Sell structured settlement payments

Annuity settlements can be acquired through structured settlements, insurance claims, or even lottery payments. They provide you with an annual check for a designated sum of money, sometimes that amount rises with time. For example, the Mega Millions annuity is paid out in one immediate payment with 29 subsequent payments that increase by 5% each year.

Many people enjoy the conservative nature of them, but selling an annuity settlement can be your best asset in maximizing your potential revenue streams. Unless you have a trust fund, or are confident you’ll be financially sound for the rest of your life, here are three reasons to sell annuity payments now to benefit you in the long run.

    1.) Inflation: Many people forget about this phantom tax that attacks those who save conservatively the harshest. Inflation is for all intents and purposes a fact of life today. Every year the money you save is essentially devalued. With annuity payments generally you have a set value for your payouts. In reality this means that the “set” value actually decreases every year. If you receive $1,000 a year in annuity and inflation is at 3% (typical for today), next year you’re really only receiving $970 in comparison to the original agreed upon price. And so on and so forth as it only gets worse the more you draw it out. Take control of your money and invest it yourself. Cashing out an annuity doesn’t mean you have to blow it all within five years like 70% of all lottery winners. There are infinite ways to diversity a portfolio to ensure you still have long term security, while increases your overall profit margins.

    2.) Fees: Some annuity settlements will charge fees. They can be up to 3% of what you’re receiving. Couple that with the inflation rate and suddenly all that ‘safe’ money you’re sitting on is dissipating faster than you get it.
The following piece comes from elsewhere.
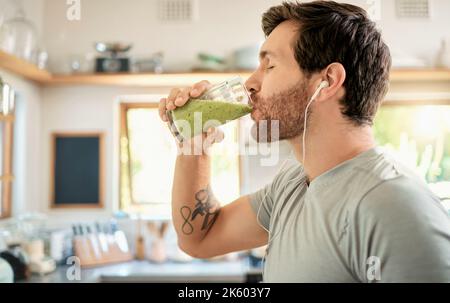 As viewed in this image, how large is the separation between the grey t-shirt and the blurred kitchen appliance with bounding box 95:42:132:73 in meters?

Some annuities even charge penalties up to 7% in the first seven years. It might seem like free money, but it’s your money. However you came about the annuity makes no difference. It’s your money and you should take advantage of its full potential.

    3.) Debt: Being in debt can be one of the most crippling factors financially. Once in debt your interest rates go up for loans and credit cards which means spending more for the same product or service. Many times people accumulate more and more debt as they try to get out from under what they already have. It’s a vicious cycle. Take the lump sum from cashing out your annuity and pay off some/all of your debt straight up. It will help you in the long run.